Proposals set out in the new ‘Border Target Operating Model’ are part of the latest plan to impose the food import controls required of the UK under both the free trade agreement with the EU and World Trade Organisation rules.
Requirements include all business importing fresh or frozen meat, dairy and other goods to provide an export health certificate alongside goods entering the UK, export certificates to be signed in person by a vet at point of departure and for all goods in medium and high risk categories to be subject to documentary checks.
‘Massive disappointment’
CCF chief executive Shane Brennan said the proposals were a massive disappointment that solved none of the ‘real risks’ facing the post-Brexit food supply chain and will exacerbate shortages on the shelf and food inflation.

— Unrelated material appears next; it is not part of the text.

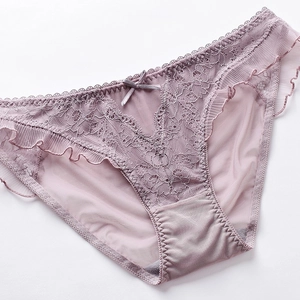 French style sexy lace mesh panties for women with low waist and floral bow detail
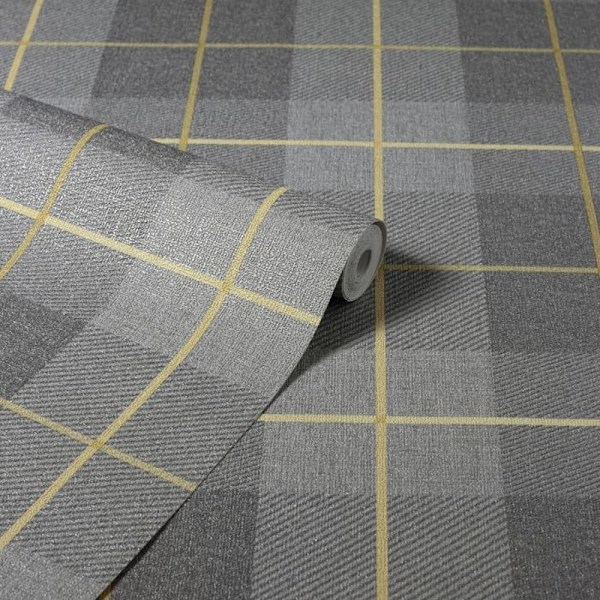 Arthouse Heritage Tartan Textured Wallpaper 10m x 53cm Ockra/Grå Ochre/Grey 10m x 53cm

“When plans to bring in controls starting from July 2022 were cancelled, we were promised a fundamentally new approach to how the UK would manage its border, that is not what this proposal is,” said Brennan. “None of the fundamental problems have been solved and business have nowhere near enough time to prepare.
‘Expensive, slower and more complicated’
“Groupage, which is the only cost-effective way to move smaller volumes of food goods into food retail, restaurants and more, will no longer be workable under the new regulations so we can expect a collapse in the volume of speciality products coming into the UK. Overall, exporting products such as meat and dairy from the EU into the UK will be more expensive, slower and more complicated.”
Brennan warned that many EU-based food exporters will look at these proposals and decide to cease supplying UK customers.
“As the recent tomato shortages have shown, food suppliers have plenty of options to sell elsewhere. Bringing in this scheme, in this form, at this pace, at a time of spiralling food price inflation and ongoing supply shortages is a really bad idea,” he concluded.
The documentary controls are set to come into force from October 2023.